Researchers also found that hospitals that advertised had better HCAHPS global scores than hospitals that did not advertise. However, they did not find a direct correlation between the two. Moreover, the study authors noted that hospitals that had increased ad spending had lower 30-day mortality rates.
The study was based on data from Kantar Media’s database. The ad spending data was collected from 4,569 hospitals in the United States annually between 2008 and 2016. The quality measures used in the study were provided by CMS. Using those measures, the study authors drew on Hospital Compare, a CMS website, to determine how a hospital’s financial and patient satisfaction statistics were affected by its advertising. 애드리절트
Researchers also observed the relationships between advertising and other characteristics of the hospital. For example, the study found that a hospital’s overall five-star rating and HCAHPS ratings were the same for advertising and non-advertising hospitals. Further, the same was true for a hospital’s readmission rate.

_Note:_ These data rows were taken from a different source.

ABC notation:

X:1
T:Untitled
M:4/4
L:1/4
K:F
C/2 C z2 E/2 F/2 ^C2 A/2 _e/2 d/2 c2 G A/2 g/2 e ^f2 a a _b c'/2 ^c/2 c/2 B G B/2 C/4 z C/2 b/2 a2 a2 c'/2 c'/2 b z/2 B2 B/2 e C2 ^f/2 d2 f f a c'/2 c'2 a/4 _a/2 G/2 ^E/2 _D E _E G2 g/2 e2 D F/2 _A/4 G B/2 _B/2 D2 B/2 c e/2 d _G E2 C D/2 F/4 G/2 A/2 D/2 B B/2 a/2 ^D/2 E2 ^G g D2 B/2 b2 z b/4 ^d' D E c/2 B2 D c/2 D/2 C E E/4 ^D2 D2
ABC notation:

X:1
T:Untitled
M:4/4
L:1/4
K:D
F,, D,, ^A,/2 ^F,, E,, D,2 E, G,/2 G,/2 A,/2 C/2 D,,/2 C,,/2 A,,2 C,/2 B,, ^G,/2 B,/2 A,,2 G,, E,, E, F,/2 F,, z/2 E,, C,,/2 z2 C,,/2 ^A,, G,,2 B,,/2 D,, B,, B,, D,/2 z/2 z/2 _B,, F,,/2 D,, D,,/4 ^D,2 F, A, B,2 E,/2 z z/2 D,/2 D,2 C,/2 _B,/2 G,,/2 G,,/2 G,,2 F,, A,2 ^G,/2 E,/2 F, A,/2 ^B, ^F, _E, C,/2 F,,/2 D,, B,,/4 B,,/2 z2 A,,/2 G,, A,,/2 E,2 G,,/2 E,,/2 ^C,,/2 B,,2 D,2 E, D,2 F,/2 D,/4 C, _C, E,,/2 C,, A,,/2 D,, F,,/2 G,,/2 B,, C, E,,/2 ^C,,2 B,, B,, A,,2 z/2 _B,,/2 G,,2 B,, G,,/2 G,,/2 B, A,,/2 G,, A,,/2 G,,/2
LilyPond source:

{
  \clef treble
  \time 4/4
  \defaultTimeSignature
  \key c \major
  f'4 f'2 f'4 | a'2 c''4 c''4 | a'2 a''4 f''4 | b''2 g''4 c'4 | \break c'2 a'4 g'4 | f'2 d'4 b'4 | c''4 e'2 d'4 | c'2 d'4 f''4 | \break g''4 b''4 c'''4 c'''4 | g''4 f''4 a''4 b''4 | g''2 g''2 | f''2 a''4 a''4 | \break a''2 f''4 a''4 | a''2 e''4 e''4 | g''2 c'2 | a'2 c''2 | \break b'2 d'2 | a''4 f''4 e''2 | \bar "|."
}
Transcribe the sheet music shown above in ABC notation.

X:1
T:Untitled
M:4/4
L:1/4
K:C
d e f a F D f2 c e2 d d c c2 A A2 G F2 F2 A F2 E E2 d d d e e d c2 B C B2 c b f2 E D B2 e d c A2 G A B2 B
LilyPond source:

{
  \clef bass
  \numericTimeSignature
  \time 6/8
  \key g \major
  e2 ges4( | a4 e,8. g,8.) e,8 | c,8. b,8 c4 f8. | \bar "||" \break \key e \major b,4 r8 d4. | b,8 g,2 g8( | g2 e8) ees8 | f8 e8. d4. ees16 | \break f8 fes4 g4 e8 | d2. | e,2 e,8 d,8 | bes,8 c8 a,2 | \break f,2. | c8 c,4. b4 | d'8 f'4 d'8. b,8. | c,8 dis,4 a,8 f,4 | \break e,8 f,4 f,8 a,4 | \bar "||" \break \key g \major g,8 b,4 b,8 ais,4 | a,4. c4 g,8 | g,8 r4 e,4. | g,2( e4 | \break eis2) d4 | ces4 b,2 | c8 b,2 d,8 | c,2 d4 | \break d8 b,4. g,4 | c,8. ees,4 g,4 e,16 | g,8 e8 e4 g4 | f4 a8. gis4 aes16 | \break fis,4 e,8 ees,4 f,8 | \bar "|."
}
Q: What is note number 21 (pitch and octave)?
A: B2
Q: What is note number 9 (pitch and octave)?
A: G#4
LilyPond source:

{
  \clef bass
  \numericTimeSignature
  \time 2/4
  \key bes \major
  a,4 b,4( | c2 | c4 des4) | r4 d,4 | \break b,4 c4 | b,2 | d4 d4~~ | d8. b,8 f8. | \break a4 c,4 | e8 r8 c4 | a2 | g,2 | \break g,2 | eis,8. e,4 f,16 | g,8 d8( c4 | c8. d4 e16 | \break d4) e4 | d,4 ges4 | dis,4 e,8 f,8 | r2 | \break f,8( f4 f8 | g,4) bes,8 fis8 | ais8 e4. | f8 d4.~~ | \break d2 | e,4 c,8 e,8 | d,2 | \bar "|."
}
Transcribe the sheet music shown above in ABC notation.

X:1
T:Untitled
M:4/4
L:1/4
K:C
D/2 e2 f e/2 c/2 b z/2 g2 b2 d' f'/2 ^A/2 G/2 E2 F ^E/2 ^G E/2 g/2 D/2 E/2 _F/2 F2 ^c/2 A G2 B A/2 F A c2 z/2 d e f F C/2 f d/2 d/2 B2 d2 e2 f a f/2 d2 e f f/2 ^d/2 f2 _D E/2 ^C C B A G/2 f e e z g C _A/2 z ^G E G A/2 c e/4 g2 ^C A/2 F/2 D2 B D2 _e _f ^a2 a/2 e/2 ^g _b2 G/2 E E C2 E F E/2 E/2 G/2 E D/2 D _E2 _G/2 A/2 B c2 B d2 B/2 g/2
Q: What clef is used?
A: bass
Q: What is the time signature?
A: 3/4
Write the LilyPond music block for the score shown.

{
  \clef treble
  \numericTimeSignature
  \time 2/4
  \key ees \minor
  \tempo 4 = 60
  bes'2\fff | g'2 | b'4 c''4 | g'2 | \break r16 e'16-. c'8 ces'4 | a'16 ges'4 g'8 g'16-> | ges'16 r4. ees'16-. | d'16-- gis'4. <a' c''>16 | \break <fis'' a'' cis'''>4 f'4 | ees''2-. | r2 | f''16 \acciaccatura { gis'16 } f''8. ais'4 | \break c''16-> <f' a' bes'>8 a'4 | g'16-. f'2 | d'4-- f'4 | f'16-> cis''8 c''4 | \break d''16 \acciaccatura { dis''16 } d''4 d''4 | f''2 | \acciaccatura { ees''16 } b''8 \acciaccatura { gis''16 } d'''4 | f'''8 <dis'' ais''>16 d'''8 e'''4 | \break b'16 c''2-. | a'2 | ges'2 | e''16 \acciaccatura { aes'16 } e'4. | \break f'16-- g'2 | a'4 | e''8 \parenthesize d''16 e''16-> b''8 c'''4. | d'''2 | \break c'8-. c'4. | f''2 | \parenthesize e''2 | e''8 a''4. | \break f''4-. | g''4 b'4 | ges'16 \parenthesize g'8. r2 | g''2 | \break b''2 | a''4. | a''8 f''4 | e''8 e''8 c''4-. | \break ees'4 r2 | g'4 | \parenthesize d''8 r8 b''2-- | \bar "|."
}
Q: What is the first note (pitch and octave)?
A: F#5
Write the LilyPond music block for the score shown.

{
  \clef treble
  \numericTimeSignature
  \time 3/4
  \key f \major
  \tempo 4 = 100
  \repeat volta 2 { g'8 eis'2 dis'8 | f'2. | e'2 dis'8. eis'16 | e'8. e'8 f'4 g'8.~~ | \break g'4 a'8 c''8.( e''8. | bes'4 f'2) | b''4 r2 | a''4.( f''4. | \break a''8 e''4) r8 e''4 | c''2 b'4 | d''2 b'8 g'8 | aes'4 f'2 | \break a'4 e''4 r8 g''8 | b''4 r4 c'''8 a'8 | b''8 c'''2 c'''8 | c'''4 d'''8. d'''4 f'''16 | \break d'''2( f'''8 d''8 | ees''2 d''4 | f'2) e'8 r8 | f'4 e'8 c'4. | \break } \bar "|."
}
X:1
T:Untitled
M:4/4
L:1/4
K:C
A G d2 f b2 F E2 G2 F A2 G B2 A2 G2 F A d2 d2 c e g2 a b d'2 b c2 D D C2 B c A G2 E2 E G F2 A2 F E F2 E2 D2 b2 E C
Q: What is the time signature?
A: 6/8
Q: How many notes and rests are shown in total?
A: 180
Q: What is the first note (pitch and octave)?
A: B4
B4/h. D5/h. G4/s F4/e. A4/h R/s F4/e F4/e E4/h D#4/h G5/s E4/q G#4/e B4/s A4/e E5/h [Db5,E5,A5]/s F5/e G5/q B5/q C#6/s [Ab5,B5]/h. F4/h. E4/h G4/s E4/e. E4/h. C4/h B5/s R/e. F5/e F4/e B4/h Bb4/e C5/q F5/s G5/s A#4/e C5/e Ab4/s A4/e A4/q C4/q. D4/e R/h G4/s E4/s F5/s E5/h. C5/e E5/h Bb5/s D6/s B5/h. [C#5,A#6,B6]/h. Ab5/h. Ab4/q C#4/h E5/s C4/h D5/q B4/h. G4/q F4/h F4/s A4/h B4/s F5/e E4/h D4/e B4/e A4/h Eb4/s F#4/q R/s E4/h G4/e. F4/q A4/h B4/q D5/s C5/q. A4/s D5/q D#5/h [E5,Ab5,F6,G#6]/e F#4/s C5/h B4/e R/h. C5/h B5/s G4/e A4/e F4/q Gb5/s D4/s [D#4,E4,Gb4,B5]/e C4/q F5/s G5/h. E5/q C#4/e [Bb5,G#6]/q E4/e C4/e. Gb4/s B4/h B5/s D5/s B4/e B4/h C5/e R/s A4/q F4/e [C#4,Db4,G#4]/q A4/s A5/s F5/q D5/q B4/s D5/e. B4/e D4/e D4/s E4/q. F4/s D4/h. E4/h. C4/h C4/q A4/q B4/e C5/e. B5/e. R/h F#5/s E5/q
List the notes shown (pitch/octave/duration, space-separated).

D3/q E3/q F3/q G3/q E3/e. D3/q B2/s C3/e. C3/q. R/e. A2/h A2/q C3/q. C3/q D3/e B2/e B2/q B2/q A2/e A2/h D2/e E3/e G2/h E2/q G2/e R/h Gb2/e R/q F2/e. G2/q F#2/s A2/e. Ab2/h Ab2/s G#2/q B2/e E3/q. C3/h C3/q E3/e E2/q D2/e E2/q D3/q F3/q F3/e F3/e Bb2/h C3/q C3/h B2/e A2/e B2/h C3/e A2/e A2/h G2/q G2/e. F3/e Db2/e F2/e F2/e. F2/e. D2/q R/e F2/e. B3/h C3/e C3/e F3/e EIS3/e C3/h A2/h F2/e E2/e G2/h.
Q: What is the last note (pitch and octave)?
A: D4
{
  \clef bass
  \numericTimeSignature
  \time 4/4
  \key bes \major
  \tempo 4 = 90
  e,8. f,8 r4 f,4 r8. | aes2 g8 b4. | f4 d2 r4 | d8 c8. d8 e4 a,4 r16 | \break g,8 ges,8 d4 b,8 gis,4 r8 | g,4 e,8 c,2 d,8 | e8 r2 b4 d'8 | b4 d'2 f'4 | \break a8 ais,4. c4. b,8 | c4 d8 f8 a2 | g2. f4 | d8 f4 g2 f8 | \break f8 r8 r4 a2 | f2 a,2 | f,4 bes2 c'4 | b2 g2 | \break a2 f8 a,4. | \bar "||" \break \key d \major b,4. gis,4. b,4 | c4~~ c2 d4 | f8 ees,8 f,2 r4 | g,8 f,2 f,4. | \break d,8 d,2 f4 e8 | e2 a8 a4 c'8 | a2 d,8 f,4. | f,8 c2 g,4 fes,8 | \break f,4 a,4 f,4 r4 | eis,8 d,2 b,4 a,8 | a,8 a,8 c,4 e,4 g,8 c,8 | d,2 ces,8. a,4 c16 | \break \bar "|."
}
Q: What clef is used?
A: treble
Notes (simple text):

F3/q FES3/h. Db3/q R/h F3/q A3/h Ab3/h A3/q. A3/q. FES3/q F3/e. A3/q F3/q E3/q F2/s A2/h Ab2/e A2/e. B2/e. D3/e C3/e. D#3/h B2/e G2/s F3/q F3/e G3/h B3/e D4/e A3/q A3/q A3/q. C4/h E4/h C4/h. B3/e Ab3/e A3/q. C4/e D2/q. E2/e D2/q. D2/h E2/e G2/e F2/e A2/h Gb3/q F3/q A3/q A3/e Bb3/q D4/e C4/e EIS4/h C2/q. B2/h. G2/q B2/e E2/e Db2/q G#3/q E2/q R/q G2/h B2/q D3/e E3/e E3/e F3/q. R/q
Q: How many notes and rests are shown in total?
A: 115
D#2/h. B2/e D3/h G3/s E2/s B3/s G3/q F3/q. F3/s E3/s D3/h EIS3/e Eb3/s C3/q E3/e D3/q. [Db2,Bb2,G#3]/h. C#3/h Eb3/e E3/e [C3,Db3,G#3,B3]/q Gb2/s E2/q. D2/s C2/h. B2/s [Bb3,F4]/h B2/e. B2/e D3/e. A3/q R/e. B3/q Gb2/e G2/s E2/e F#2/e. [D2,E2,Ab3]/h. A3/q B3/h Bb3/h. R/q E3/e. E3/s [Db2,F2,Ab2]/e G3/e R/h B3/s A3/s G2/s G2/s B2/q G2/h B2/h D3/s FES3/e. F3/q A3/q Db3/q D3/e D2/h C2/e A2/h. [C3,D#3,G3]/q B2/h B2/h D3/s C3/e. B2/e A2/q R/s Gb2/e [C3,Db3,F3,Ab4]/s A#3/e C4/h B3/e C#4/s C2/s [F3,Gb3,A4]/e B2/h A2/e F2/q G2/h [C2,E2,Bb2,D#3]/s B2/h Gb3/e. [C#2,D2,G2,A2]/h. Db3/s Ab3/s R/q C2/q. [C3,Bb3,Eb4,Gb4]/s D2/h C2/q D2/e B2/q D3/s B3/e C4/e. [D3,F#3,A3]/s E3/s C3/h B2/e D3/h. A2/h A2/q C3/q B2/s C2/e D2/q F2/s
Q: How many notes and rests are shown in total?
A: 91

However, the researchers were unable to determine if these positive effects lasted for all patients. Some had a negative reaction to the hospital’s ads. Nevertheless, the patients’ attitudes did not differ significantly between the two groups. Overall, a 1-percent increase in a hospital’s advertising was associated with a 1.173-percent increase in its HCAHPS score. Similarly, the mortality rate was similar for the advertising and non-advertising hospitals.
Ultimately, the study authors concluded that hospital advertising is a vital marketing function for hospitals. They believe that the results from their study can guide legislation on the subject.
They also suggested that advertisements could be regulated in the same way prescription pharmaceutical ads are. While proponents of free-commerce advocacy argue that hospitals should be able to advertise like consumer products, critics contend that the proliferation of health care advertising raises serious ethical issues.
As hospital administrators are always pushed to improve their ROI, they must be prepared to venture into unfamiliar territory. The study’s findings suggest that the long-term investments required to improve a hospital’s reputation may require a significant financial commitment.